▶ **PROBLEM**
With images excluded, write out each entry below exactly as given.

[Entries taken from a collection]
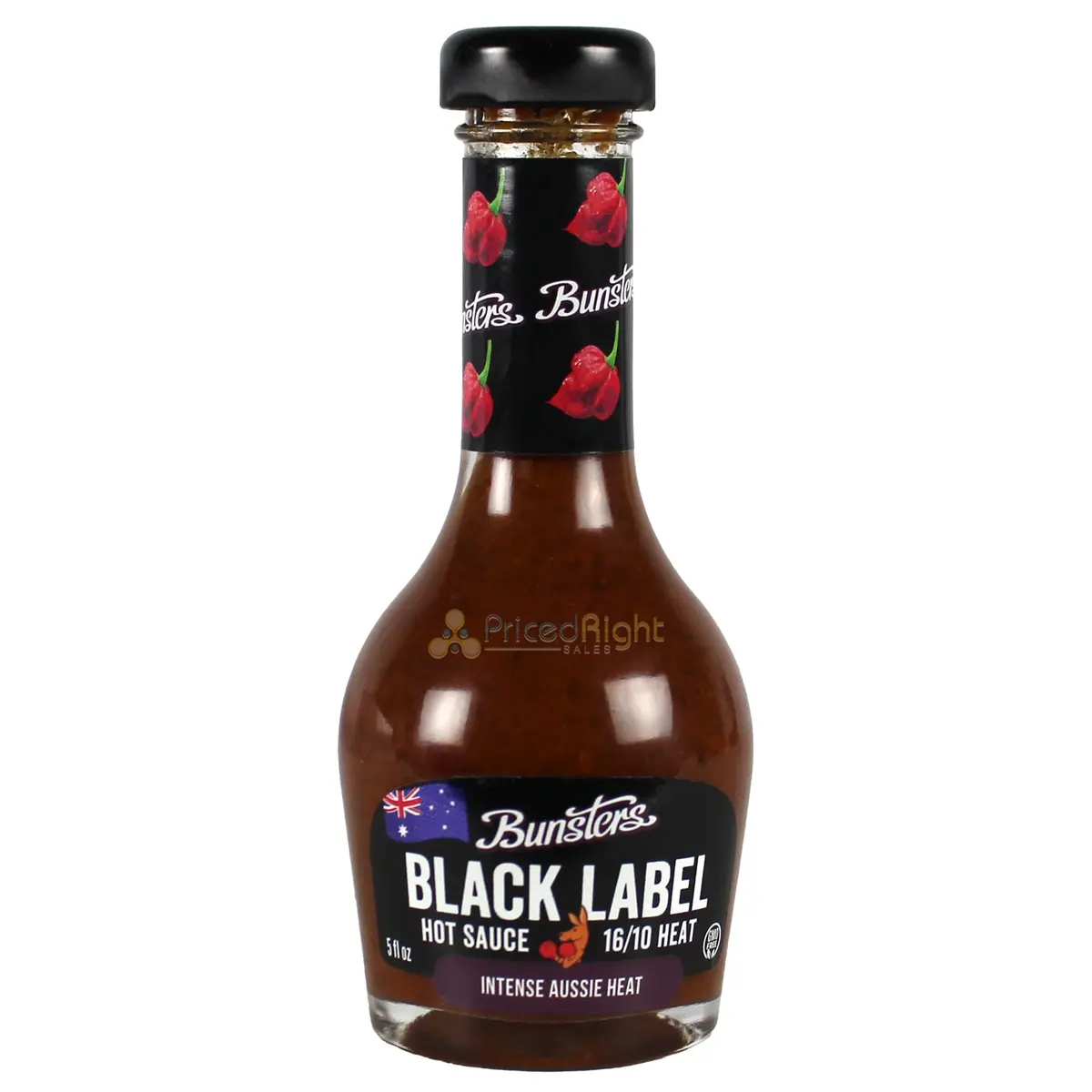 Bunsters Black Label Hot Sauce 16/10 Heat Scorpion Peppers Gluten Free 5 Ounce 1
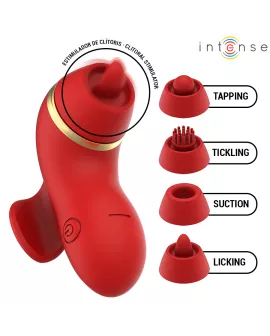 INTENSE - PATTY-STIMULATOR MIT 4 AUFSÄTZEN, SAUG-, KLETTER-, KITZEL- UND LECKFUNKTION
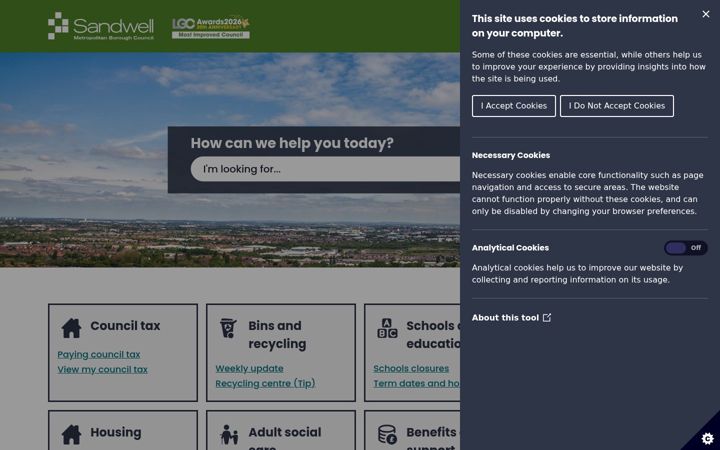 Screenshot of sandwell.gov.uk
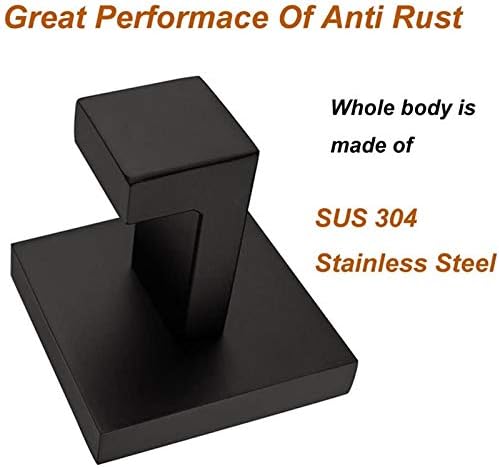 Rust-Proof Black Towel Hook Set for Bathroom Kitchen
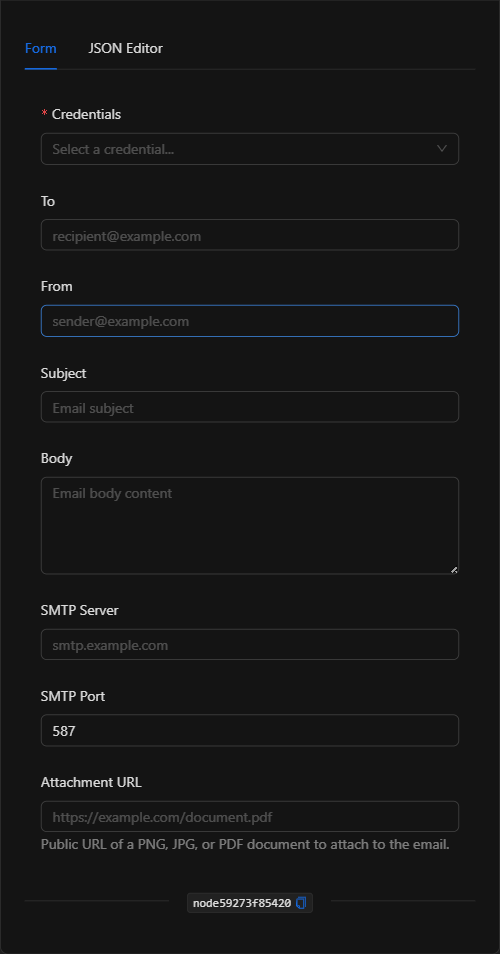Configuración vacía del nodo Enviar correo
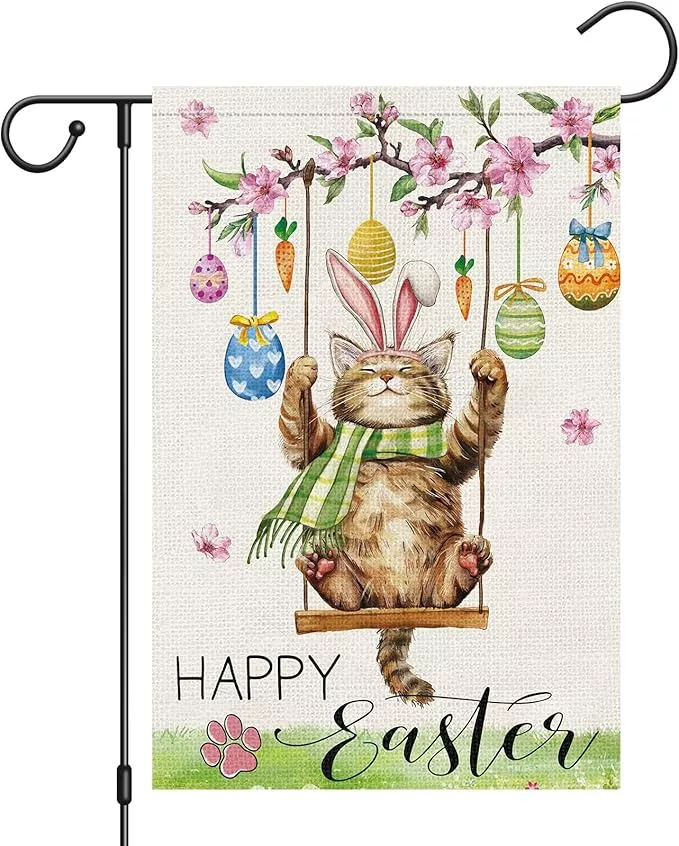 heyfibro-happy-easter-cute-cat-garden-flag-12x18-double-sided-burlap-spring-summ Heyfibro Happy Easter Cute Cat Garden Flag 12x18 Double Sided Burlap, Spring Summer Magnolia Flower Easter Egg Small Yard Banner for Seasonal Holiday Farmhouse Yard Outdoor Decor(ONLY FLAG)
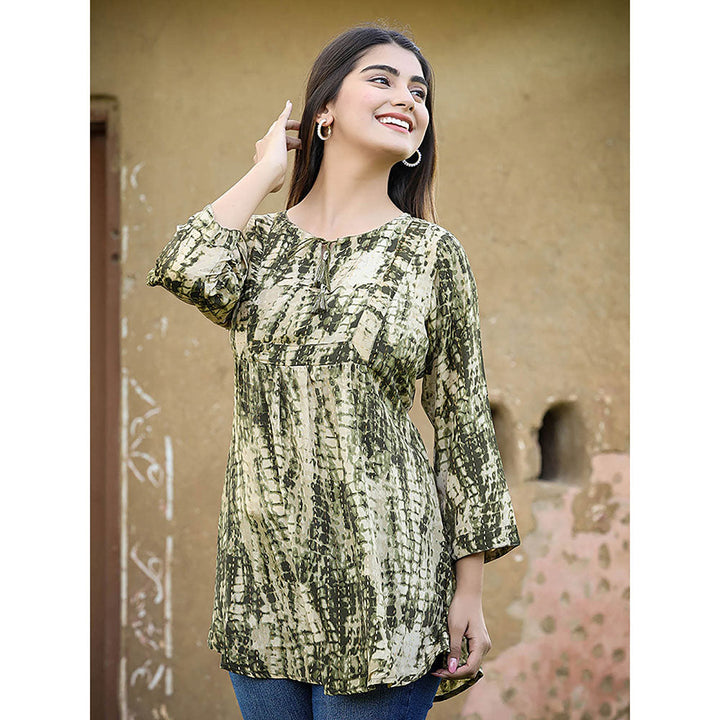 KAAJH Green Printed French Crepe Tunic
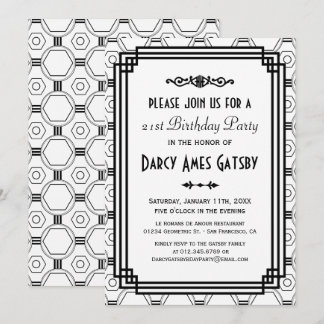 Art Deco White & Black Birthday Party - Einladung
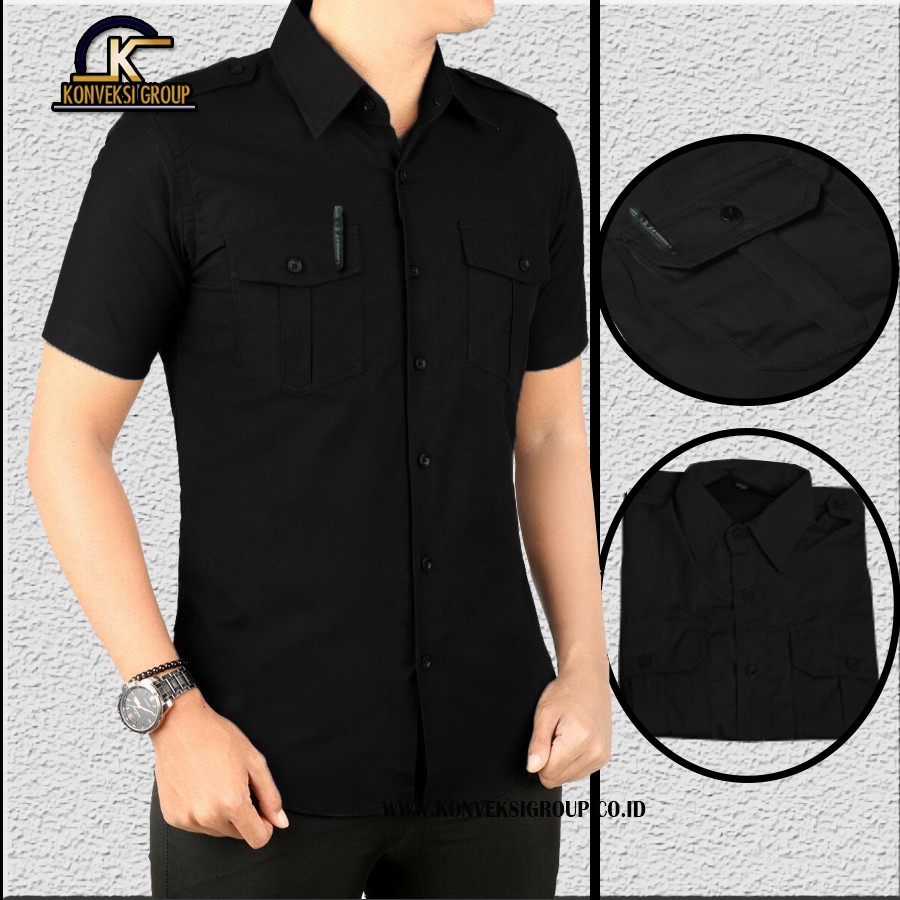 Kemeja Pria Wanita Lengan Pendek Baju PDL PDH Polos Seragam Lapangan / Kemeja Polos Pria Warna Hitam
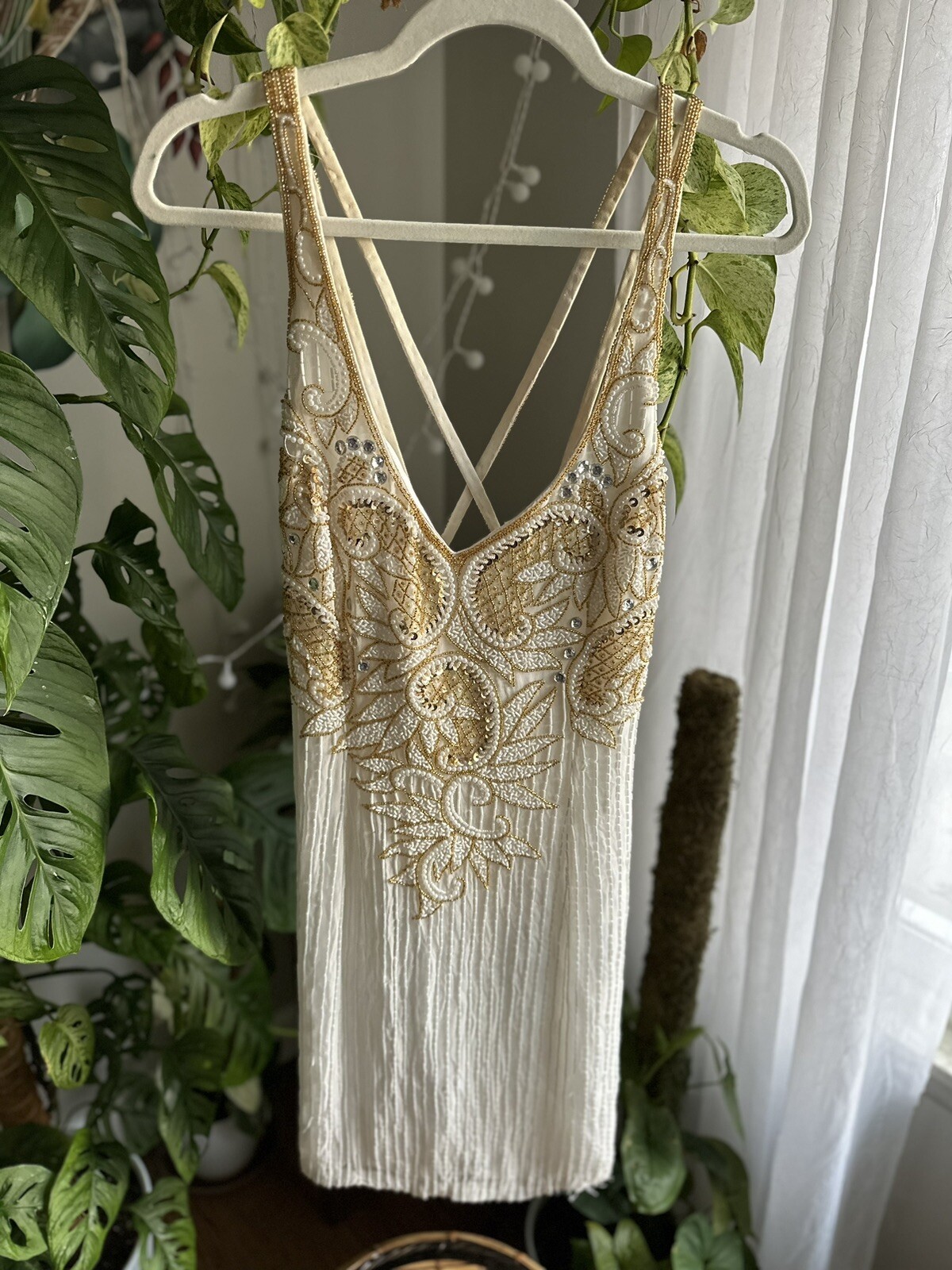Vintage Beaded Cream And Gold Dress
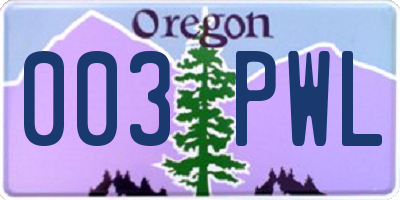 OR license plate 003PWL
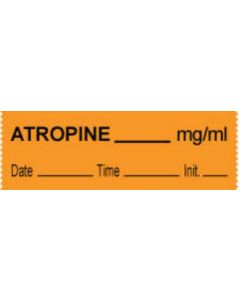 Anesthesia Tape with Date, Time & Initial (Removable) Atropine mg/ml 1/2" x 500" - 333 Imprints - Orange - 500 Inches per Roll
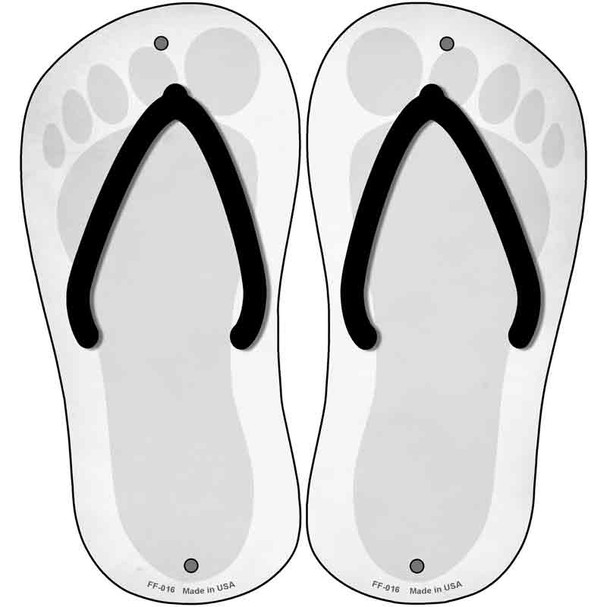 White Solid Novelty Metal Flip Flops (Set of 2)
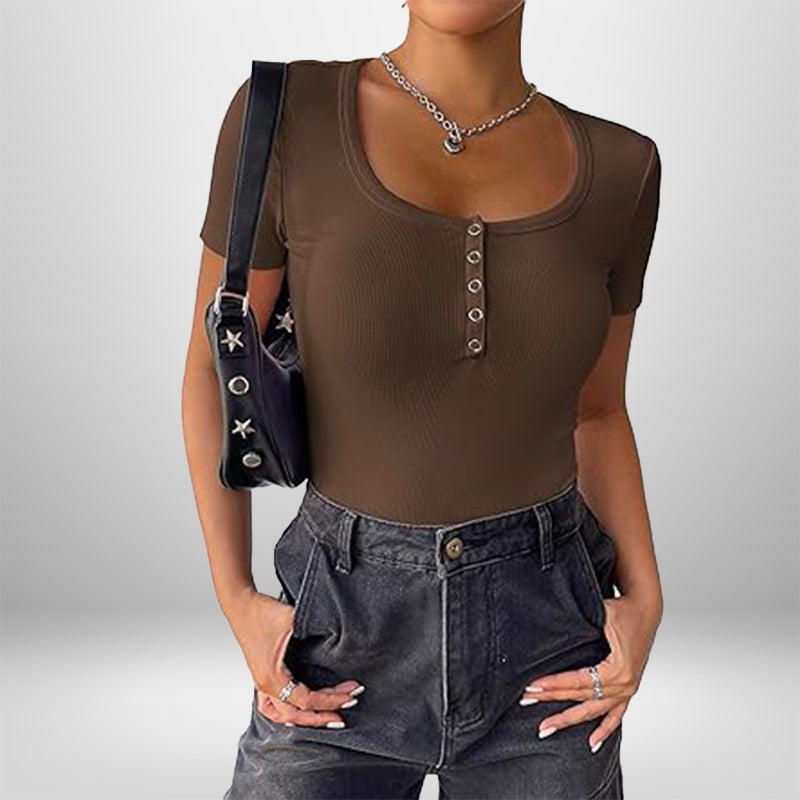 Damen Bodysuit Kurzarm Figurformend Mit Knöpfen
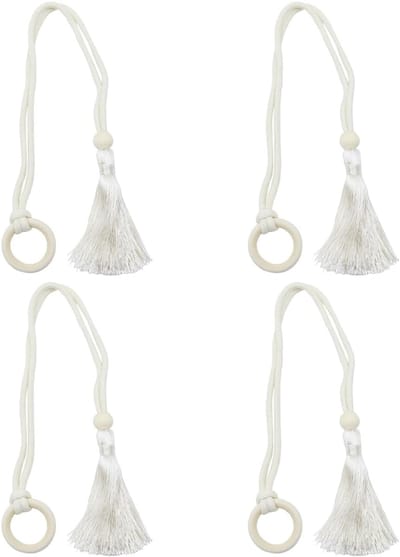 4Pcs het Gordijnstropdassen van het Boho-Katoen voor Huisdecoratie Houten Gordijnsteunen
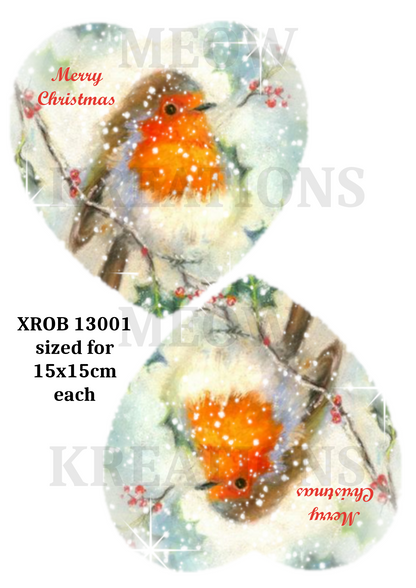 Robin Bird Decoupage Rice Paper - XROB 13001
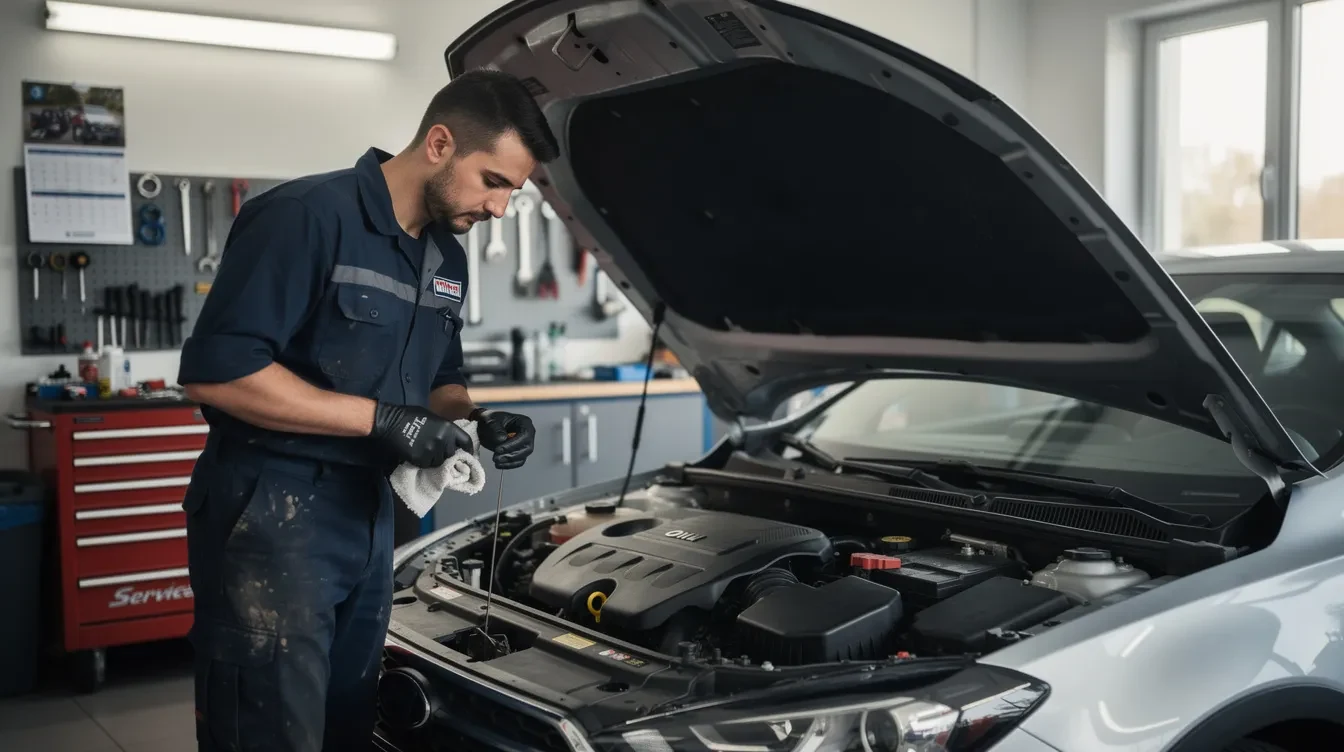 Un mecanic auto verifică nivelul uleiului sub capota unei mașini, folosind joja pentru a se asigura că uleiul este la limita normală, prevenind astfel aprinderea martorului roșu de ulei de pe bord. Această verificare este esențială pentru menținerea presiunii corecte a uleiului în motor.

▶ **WRITTEN RESPONSE**
 Bunsters Black Label Hot Sauce 16/10 Heat Scorpion Peppers Gluten Free 5 Ounce 1
 INTENSE - PATTY-STIMULATOR MIT 4 AUFSÄTZEN, SAUG-, KLETTER-, KITZEL- UND LECKFUNKTION
 Screenshot of sandwell.gov.uk
 Rust-Proof Black Towel Hook Set for Bathroom Kitchen
Configuración vacía del nodo Enviar correo
 heyfibro-happy-easter-cute-cat-garden-flag-12x18-double-sided-burlap-spring-summ Heyfibro Happy Easter Cute Cat Garden Flag 12x18 Double Sided Burlap, Spring Summer Magnolia Flower Easter Egg Small Yard Banner for Seasonal Holiday Farmhouse Yard Outdoor Decor(ONLY FLAG)
 KAAJH Green Printed French Crepe Tunic
 Art Deco White & Black Birthday Party - Einladung
 Kemeja Pria Wanita Lengan Pendek Baju PDL PDH Polos Seragam Lapangan / Kemeja Polos Pria Warna Hitam
Vintage Beaded Cream And Gold Dress
 OR license plate 003PWL
 Anesthesia Tape with Date, Time & Initial (Removable) Atropine mg/ml 1/2" x 500" - 333 Imprints - Orange - 500 Inches per Roll
 White Solid Novelty Metal Flip Flops (Set of 2)
 Damen Bodysuit Kurzarm Figurformend Mit Knöpfen
 4Pcs het Gordijnstropdassen van het Boho-Katoen voor Huisdecoratie Houten Gordijnsteunen
 Robin Bird Decoupage Rice Paper - XROB 13001
 Un mecanic auto verifică nivelul uleiului sub capota unei mașini, folosind joja pentru a se asigura că uleiul este la limita normală, prevenind astfel aprinderea martorului roșu de ulei de pe bord. Această verificare este esențială pentru menținerea presiunii corecte a uleiului în motor.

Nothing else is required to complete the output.